Siber güvenlik araştırmacıları, Trustwave SpiderLabs ekibi, Windows arama işlevini kullanarak kurbanları kötü amaçlı yazılım indirmeye teşvik eden yeni bir siber suç kampanyası tespit etti. Bu kampanya, hem zekice hem de düşük hacimli olarak nitelendirildi.
Güvenlik Tehditlerinin Yeni Yüzü
Araştırmacılar, "Bu teknik, saldırganın gerçek niyetini ustaca gizleyerek kullanıcıların tanıdık arayüzlere ve e-posta ekleri gibi yaygın eylemlere duyduğu güveni istismar ediyor" dedi.
E-posta Gelen Kutunuza Dikkat
Saldırı, bir oltalama e-postası ile başlıyor ve bu e-posta genellikle bir fatura gibi görünüyor. E-posta, bir HTML dosyası içeren .ZIP arşivi taşıyor ve bu şekilde antivirüs ve e-posta güvenlik programlarını atlatabiliyor. HTML dosyası, tarayıcıyı açarak Windows Explorer'ın arama işlevi ile etkileşime geçmesini sağlıyor.
Windows Explorer, "INVOICE" olarak etiketlenmiş öğeleri belirli bir dizinde aramakla görevlendiriliyor. Bu dizin, Cloudflare üzerinden tünellenmiş bir sunucuda bulunuyor. Ayrıca, arama "Downloads" olarak yeniden adlandırılıyor, bu da kurbanların aslında indirdikleri dosyaya baktıklarını sanmalarına neden oluyor.

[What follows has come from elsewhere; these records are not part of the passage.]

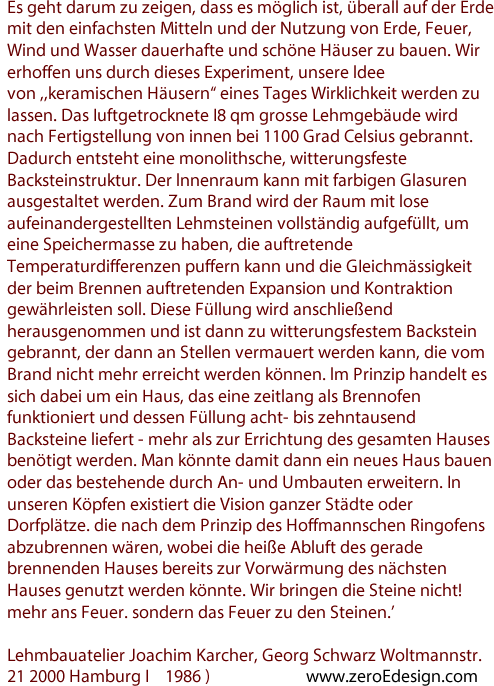 Es geht darum zu zeigen, dass es mögIich ist, überall auf der Erde mit den einfachsten Mitteln und der Nutzung von Erde, Feuer, Wind und Wasser dauerhafte und schöne Häuser zu bauen. Wir erhoffen uns durch dieses Experiment, unsere ldee von ,,keramischen Häusern“ eines Tages Wirklichkeit werden zu lassen. Das Iuftgetrocknete I8 qm grosse Lehmgebäude wird nach Fertigstellung von innen bei 1100 Grad Celsius gebrannt. Dadurch entsteht eine monolithsche, witterungsfeste Backsteinstruktur. Der lnnenraum kann mit farbigen Glasuren ausgestaltet werden. Zum Brand wird der Raum mit lose aufeinandergestellten Lehmsteinen vollständig aufgefüllt, um eine Speichermasse zu haben, die auftretende Temperaturdifferenzen puffern kann und die GIeichmässigkeit der beim Brennen auftretenden Expansion und Kontraktion gewährleisten soll. Diese Füllung wird anschließend herausgenommen und ist dann zu witterungsfestem Backstein gebrannt, der dann an Stellen vermauert werden kann, die vom Brand nicht mehr erreicht werden können. lm Prinzip handelt es sich dabei um ein Haus, das eine zeitlang als Brennofen funktioniert und dessen Füllung acht- bis zehntausend Backsteine liefert - mehr als zur Errichtung des gesamten Hauses benötigt werden. Man könnte damit dann ein neues Haus bauen oder das bestehende durch An- und Umbauten erweitern. In unseren Köpfen existiert die Vision ganzer Städte oder Dorfplätze. die nach dem Prinzip des Hoffmannschen Ringofens abzubrennen wären, wobei die heiße Abluft des gerade brennenden Hauses bereits zur Vorwärmung des nächsten Hauses genutzt werden könnte. Wir bringen die Steine nicht! mehr ans Feuer. sondern das Feuer zu den Steinen.’

Lehmbauatelier Joachim Karcher, Georg Schwarz Woltmannstr. 21 2000 Hamburg I    1986 )                        www.zeroEdesign.com 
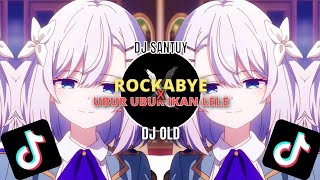 Download lagu DJ  OLD ROCKABYE X UBUR UBUR IKAN LELE REMIX VIRAL TIKTOK - DJ SANTUY mp3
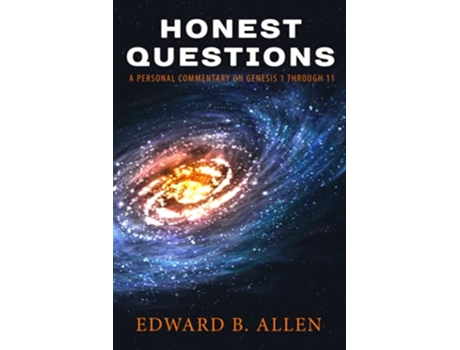 Livro Honest Questions A Personal Commentary on Genesis 1 through 11 Devotional Commentary de Edward B Allen (Inglês)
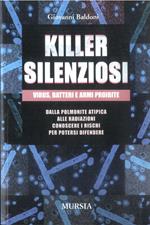 Killer silenziosi. Virus, batteri e armi proibite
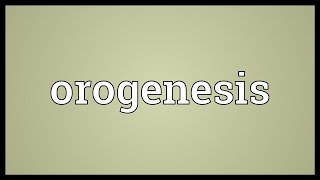 Orogenesis Meaning [upl. by Calandria]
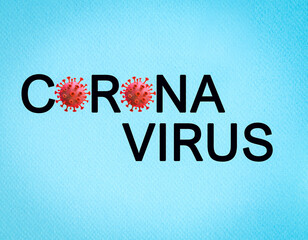 Corona virus text on blue background. covid 19 Pandemic Protection Concept.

Kötü Amaçlı Yazılımın İzini Sürmek
Kurbanlara sunulan dosyalar arasında, aynı sunucuda barındırılan bir toplu işlem komut dosyasına (.BAT) işaret eden bir kısayol belgesi (.LNK) bulunuyor. Bu komut dosyası etkinleştirildiğinde, ek kötü amaçlı işlemler tetikleniyor. Ne yazık ki, araştırmacılar kampanyayı analiz etmeye başladığında sunucu kapatıldığı için, saldırganların ne tür bir kötü amaçlı yazılım dağıttığını bilmek mümkün olmadı.
Güvenlik Önerileri
Bu tehdidi azaltmak için, kullanıcılar search-ms/search URI protokol işleyicilerini devre dışı bırakabilirler. Ayrıca, gelen ekli e-postalara dikkat edilmesi önemlidir. Araştırmacılar, "Kullanıcılar giderek daha karmaşık bir tehdit ortamında gezinmeye devam ederken, sürekli eğitim ve proaktif güvenlik stratejileri, bu tür aldatıcı taktiklere karşı korunmada çok önemlidir" sonucuna vardı.